C’è un momento esatto a cui faccio risalire la mia ricerca sulla semplicità come pratica, atteggiamento, lente di lettura, strumento di vita, e questo momento coinvolge naturalmente una bicicletta e, abbastanza sorprendentemente, una mosca.

Nella seconda metà degli anni ’90 sono andato in Tunisia per un viaggetto di un paio di settimane senza programmi precisi ma comunque verso le propaggini settentrionali del grande deserto africano, giusto per vedere un po’ com’era.
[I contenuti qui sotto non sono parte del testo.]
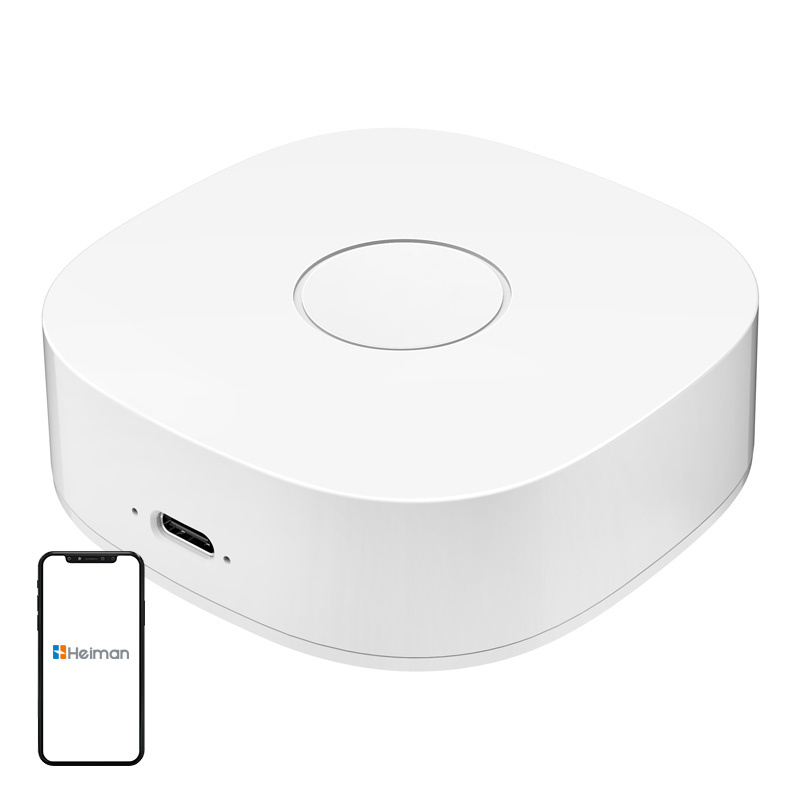 inp-ws2gw-r-smart-home-ws2gw-r-wifi-0.webp Smart home WS2GW-R WiFi
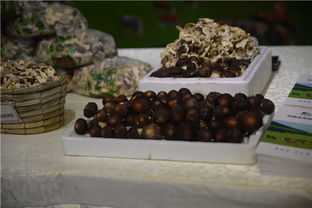 攜手豐臺，共繪鄉村振興新畫卷——豐臺區扶貧協作地區農副產品推介活動紀實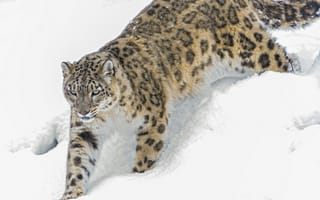 Картинка снег, ctambako the jaguar, зима, ирбис, снежный барс, кошка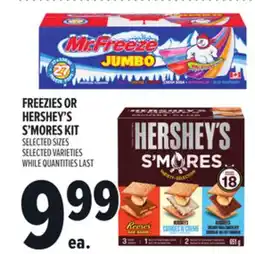 Metro FREEZIES OR HERSHEY'S S'MORES KIT offer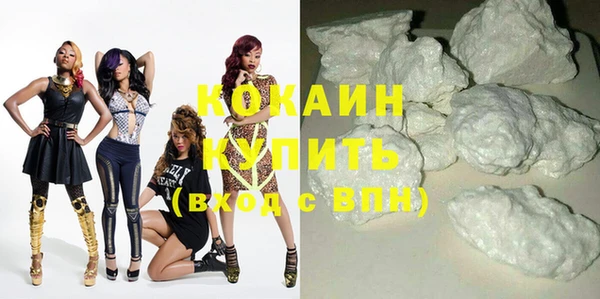 шишки Сатка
La mia bici di allora era una AlAn da ciclocross un po’ fuori misura per me ma comunque mi ci trovavo bene, e ancora non ero così fanatico per la precisione delle misure come oggi: un po’ troppo alta ma in ogni caso la canna centrale, che oggi so chiamarsi tubo orizzontale, non mi sbatteva (troppo) sull’inguine scendendo dal sellino, quindi andava bene. Quella bici mi fu poi rubata per mia colpa, avendola lasciata appoggiata al muro mentre entravo in un negozio dove c’era un’offerta di calzini di spugna neri; un gran dispiacere ma in fin dei conti mica tanto, visto che la bici era ormai storta dopo un frontale con una grossa moto da enduro che mi ha lasciato acciaccato per un po’.

Tornando alla Tunisia e al momento della mosca, quel giorno di giugno partivo da Matmata verso Douz. Tutti al mondo conoscono Matmata, perché fu un set di Guerre Stellari, cioè la casa di Luke Skywalker quando ancora viveva con gli zii. Avrei finito la giornata a Douz, all’inizio della grande distesa salata (dunque bianca, accecante) dello Chott el Jerid; la Michelin mi indicava che il percorso era uno sterrato, quindi forse avrei dovuto dormire da qualche parte lungo i poco meno di 100 km di percorso. Salvo poi scoprire che giusto l’anno prima l’avevano asfaltato e il viaggio, che mi aspettavo lento e faticoso, si è rivelato un lampo, complice anche un vento furioso da dietro che per un tratto mi ha fatto andare a vela, avendo improvvisato uno spinnaker con il pareo legato al collo e al manubrio. Poi mi sono stufato di stare fermo e sono tornato a pedalare, velocità tra i 30 e 35 kmh, cosa che con la bici carica non è affatto usuale.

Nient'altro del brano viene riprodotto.